Маркес гораздо в большей степени, рискну сказать, художник. Он, конечно, демиург, он создатель мира, он создал Латинскую Америку, какой мы ее знаем и любим. Мы любим ее за то, что она не такая, он ее придумал, как, ну примерно, как Салтыков-Щедрин придумал Россию, мы такой ее знаем, и неважно, такая она или нет, этот образ укоренился, потому что он художественно очень целен, даже скорее как Гоголь — придумал сначала Малороссию, а потом надорвался на придумывании России. Маркес это и сделал. Конечно, мы полюбили Макондо, потом полюбили и возненавидели темный мир «Осени патриарха» — это те штампы, которые с Маркесом вошли в наше сознание.

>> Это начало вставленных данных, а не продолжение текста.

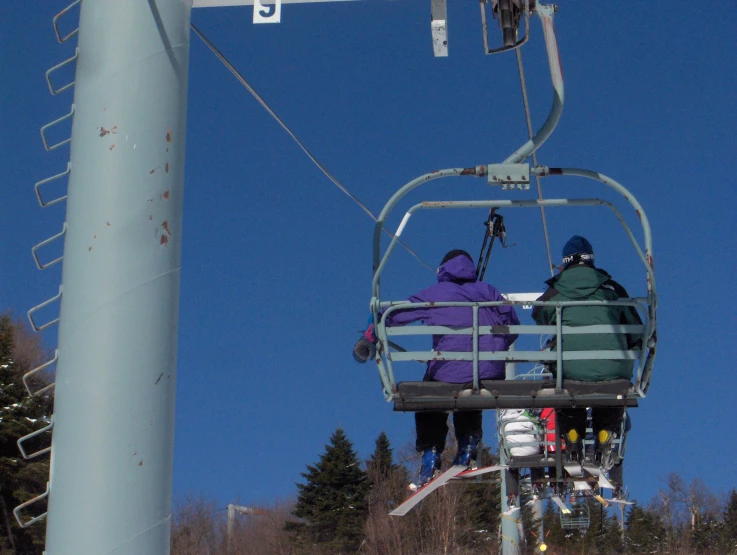 two skiers ride the lift during the day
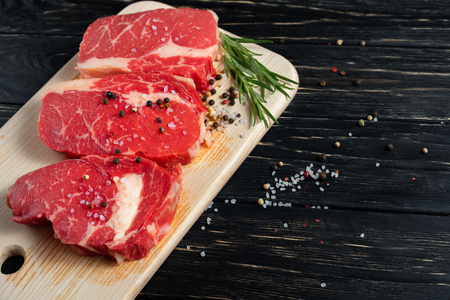 Three pieces of juicy raw beef with rosemary on a cutting board on a black wooden table background. Meat for barbecue or grill sprinkled with pepper and salt seasoningの写真素材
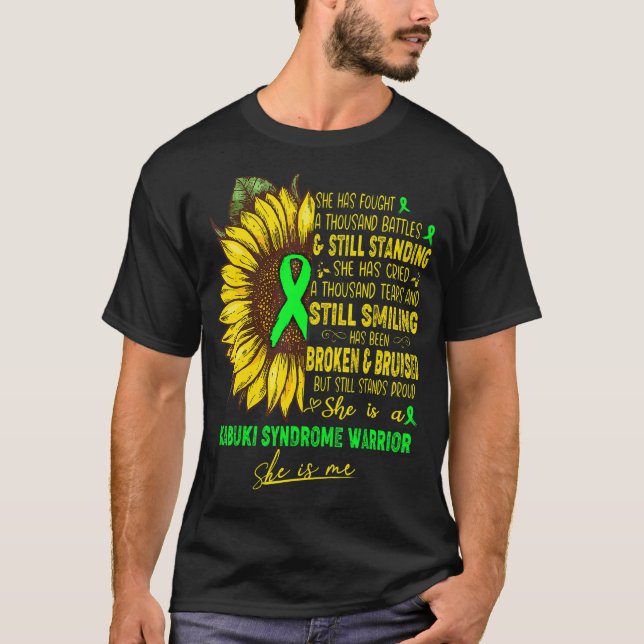 T-shirt Elle Est Une Guerrière Du Syndrome Kabuki Elle Est (Devant)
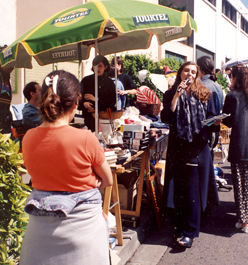 Une animatrice donne de la vie a un vide grenier avec son micro aupres du stand d'un particulier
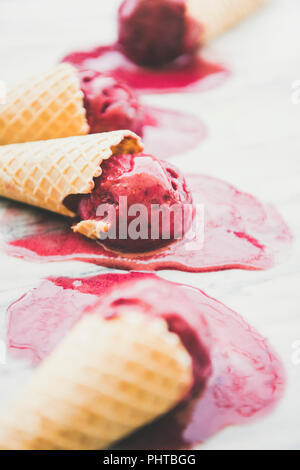 Dessert d'été frais. Naturel de fusion sorbet framboise glace boules à cônes alvéolés doux plus en arrière-plan, selective focus. S végétalien sain Banque D'Images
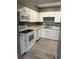 Kitchen featuring stainless steel appliances, updated marble countertops and a sink at 2005 Greens Blvd. # D301, Myrtle Beach, SC 29577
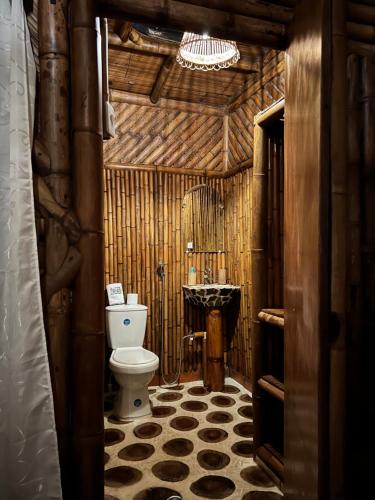 uma casa de banho com WC num edifício de madeira em Sikeo Eco Glamping em Icononzo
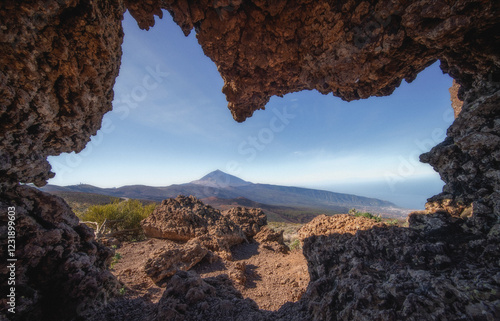 Vue impressionnante du volcan Teide à Tenerife, capturée à travers une formation rocheuse volcanique naturelle. Ce paysage emblématique des îles Canaries met en avant la beauté brute du parc national 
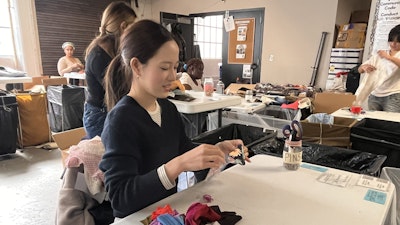 A woman sitting at a table sorting multi-colored pieces of scrap fabric. Others can be seen working next to large bins in the background.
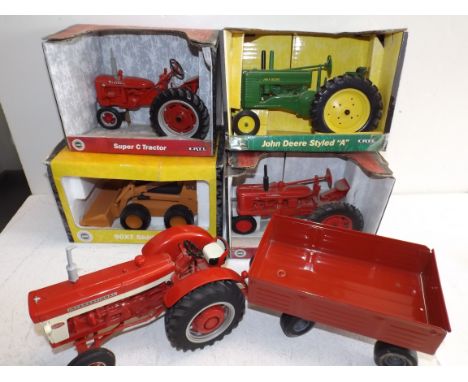 ERTL:- three Die-cast tractors and an Earthmover, each boxed, together with a similar tractor with a tinplate trailer.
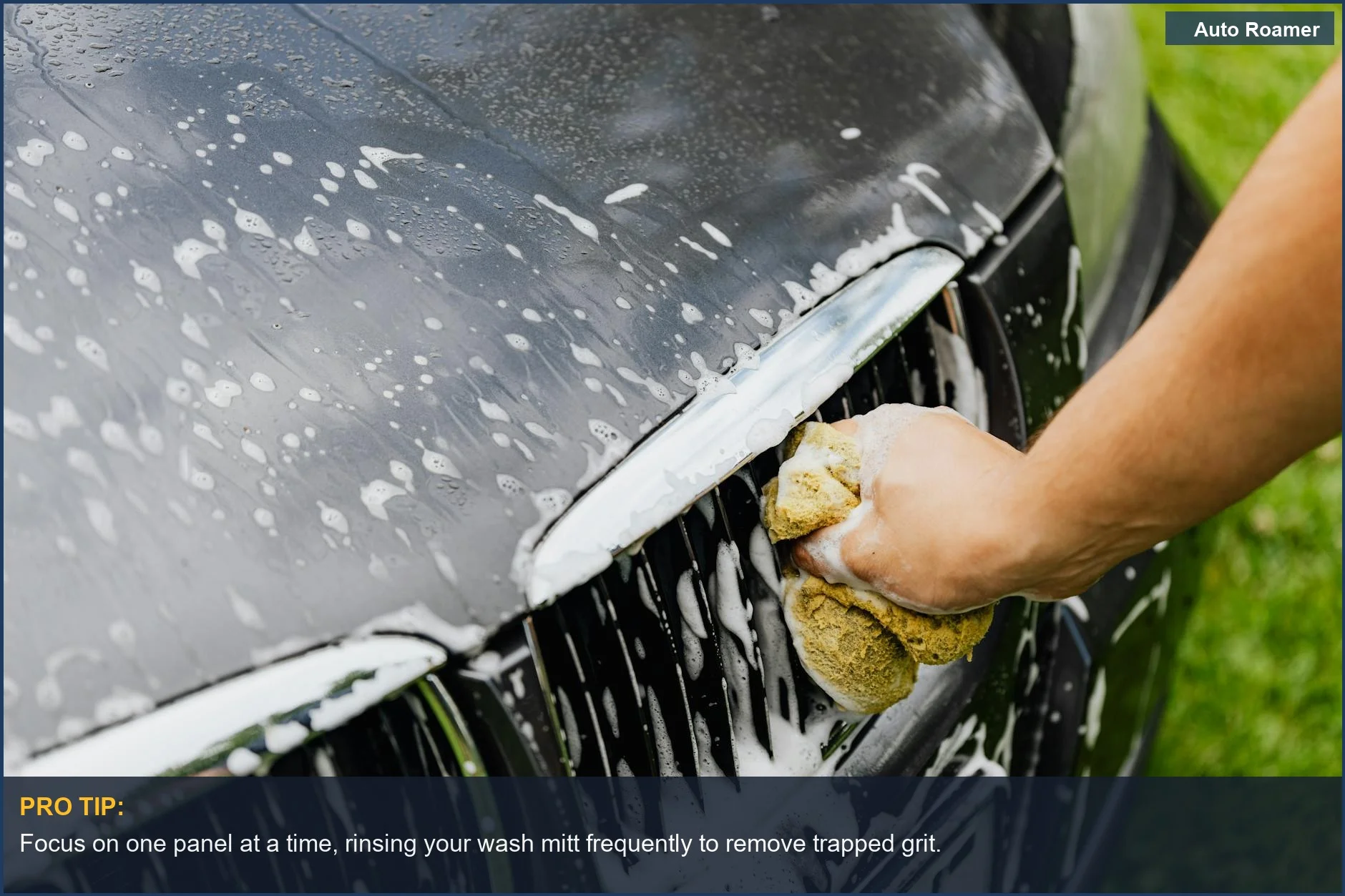 Close-up of hand gently washing car grille, preventing car wash swirl marks.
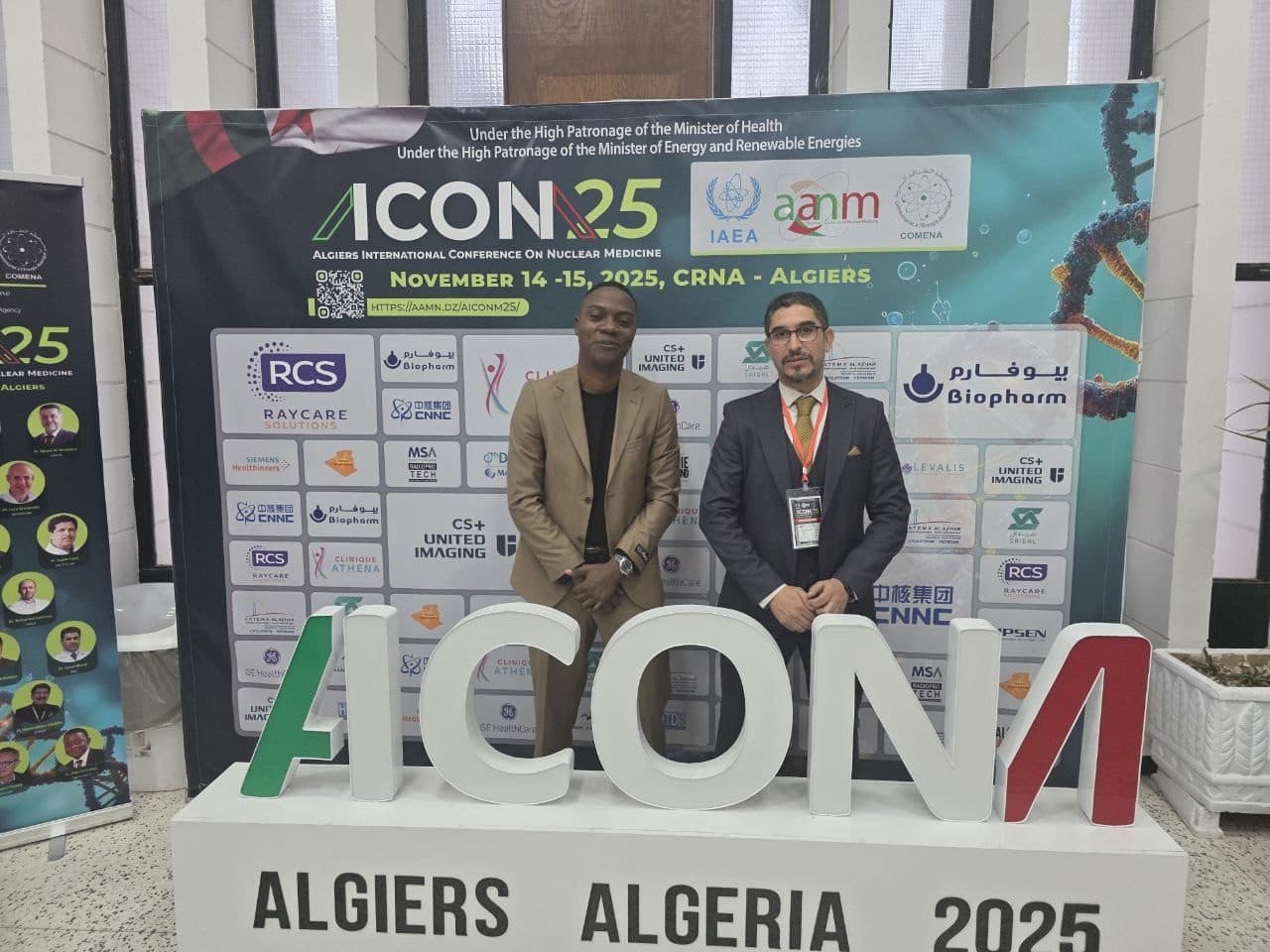 At the ACON25 conference booth, with a colleague, in front of the ACONM lettering.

Совсем другое дело Льоса. Льоса в гораздо большей степени интеллектуал. Его гораздо меньше занимает местная экзотика, большинство его сюжетов могли бы с тем же успехом разворачиваться во франкистской Испании, я думаю, или даже в путинской России. То есть, он, так или иначе, не помешан на местных приметах и на местном колорите. Более того, когда он описывает жизнь в Лиме, жизнь журналиста, которой он долго жил, я узнаю поразительные приметы Москвы и московского быта, перенесенные там, в условные 70–80 годы.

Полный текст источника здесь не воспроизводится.